Available data —

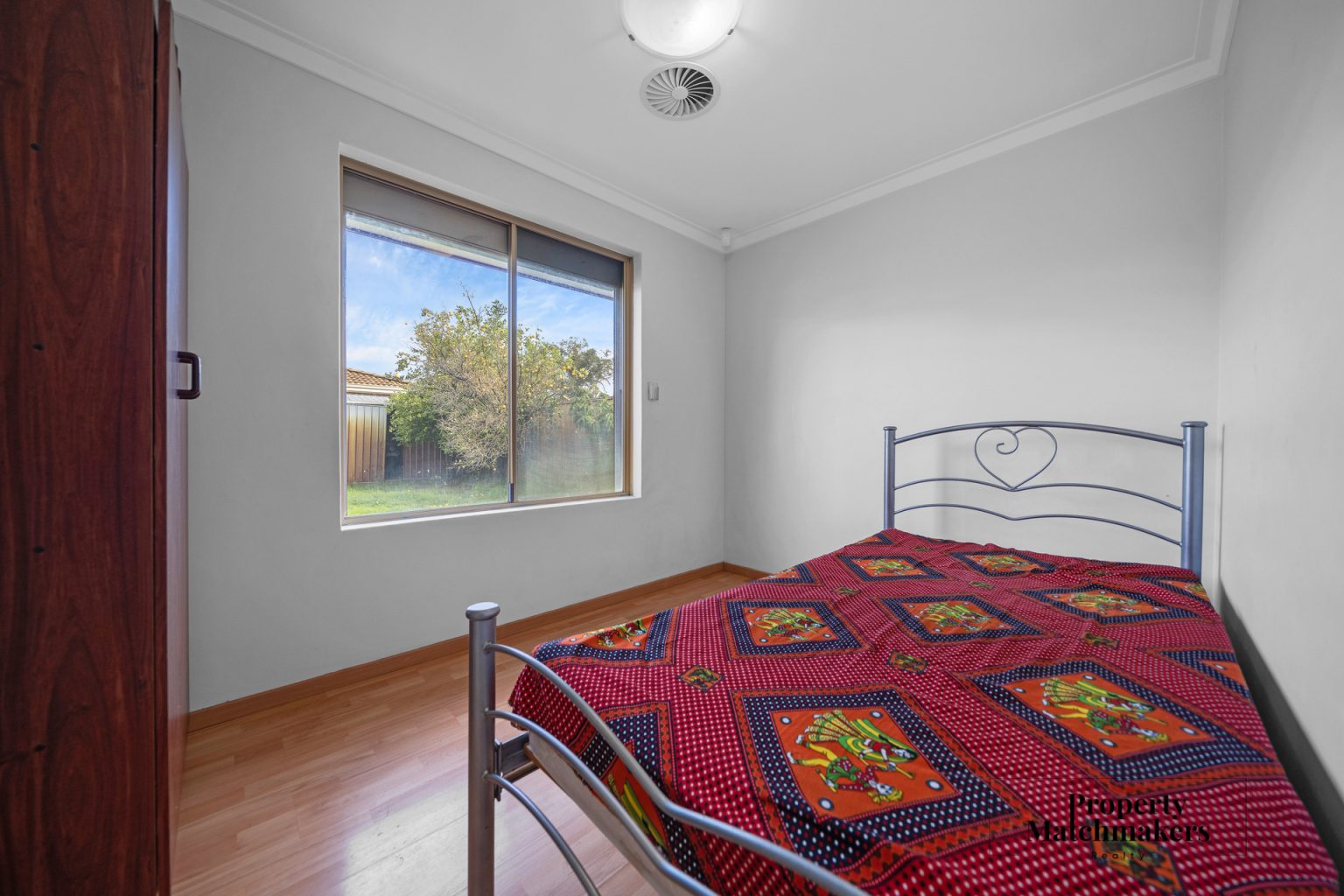 63 Swingler Way, Gosnells, WA 6110 AUS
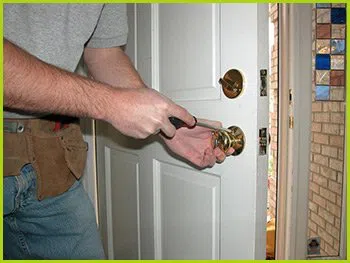 Expert Locksmith Services Milwaukee, WI 414-797-1002 - 9-locks-change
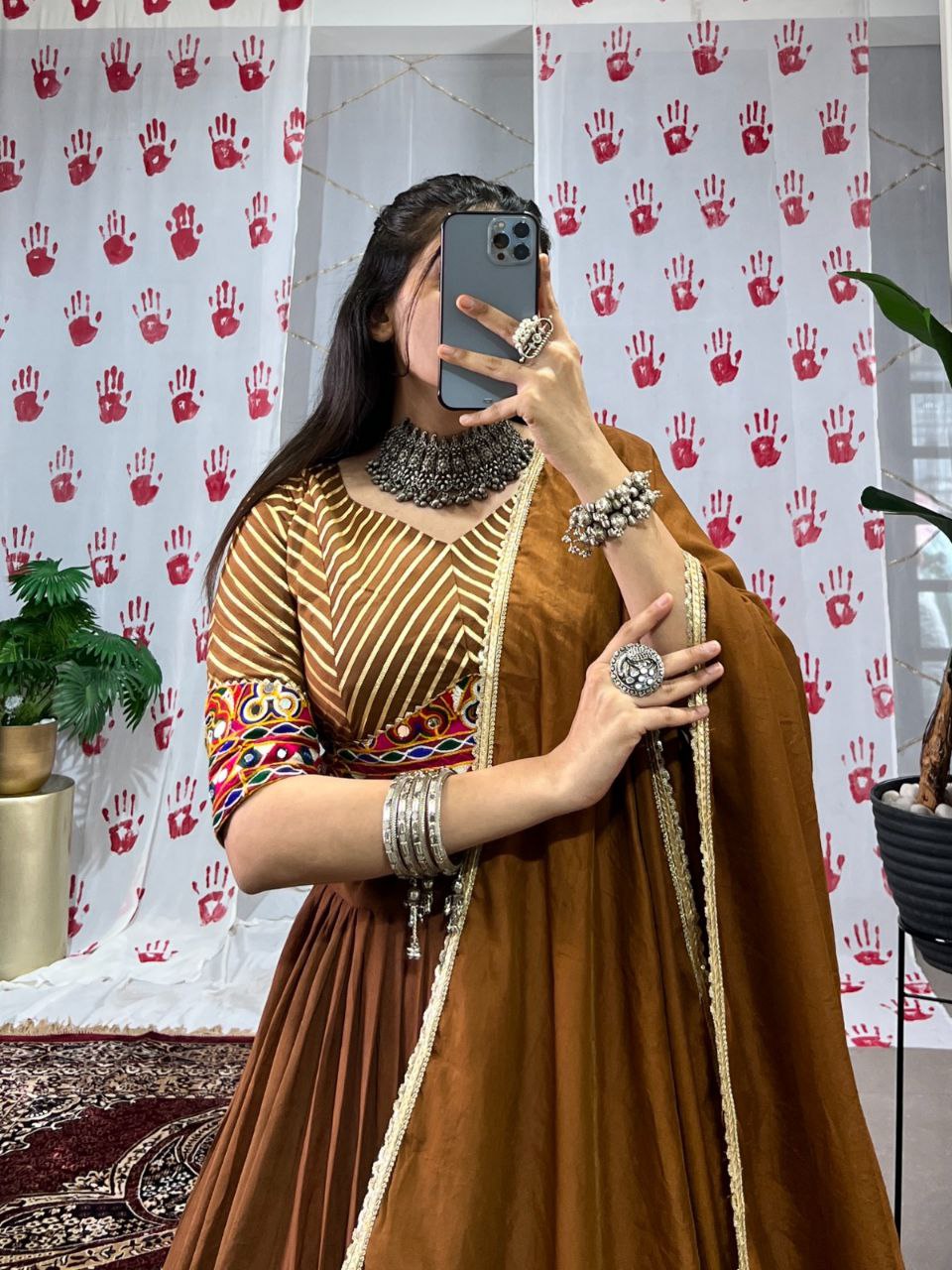 Chanderi Lehenga Choli, Navratri 2025 Outfit, Gamthi Work Choli, Mirror Work Blouse, Zari Lehenga, Gotta Patti Lehenga, Garba Night Outfit, Chanderi Chaniya Choli, Gujarati Festival Dress, Festive Traditional Wear, Navratri Look 2025, Choli for Garba, Pure Chanderi Lehenga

Try it — What you return must match the material above exactly, minus its pictures.

Expected answer —
 63 Swingler Way, Gosnells, WA 6110 AUS
 Expert Locksmith Services Milwaukee, WI 414-797-1002 - 9-locks-change
 Chanderi Lehenga Choli, Navratri 2025 Outfit, Gamthi Work Choli, Mirror Work Blouse, Zari Lehenga, Gotta Patti Lehenga, Garba Night Outfit, Chanderi Chaniya Choli, Gujarati Festival Dress, Festive Traditional Wear, Navratri Look 2025, Choli for Garba, Pure Chanderi Lehenga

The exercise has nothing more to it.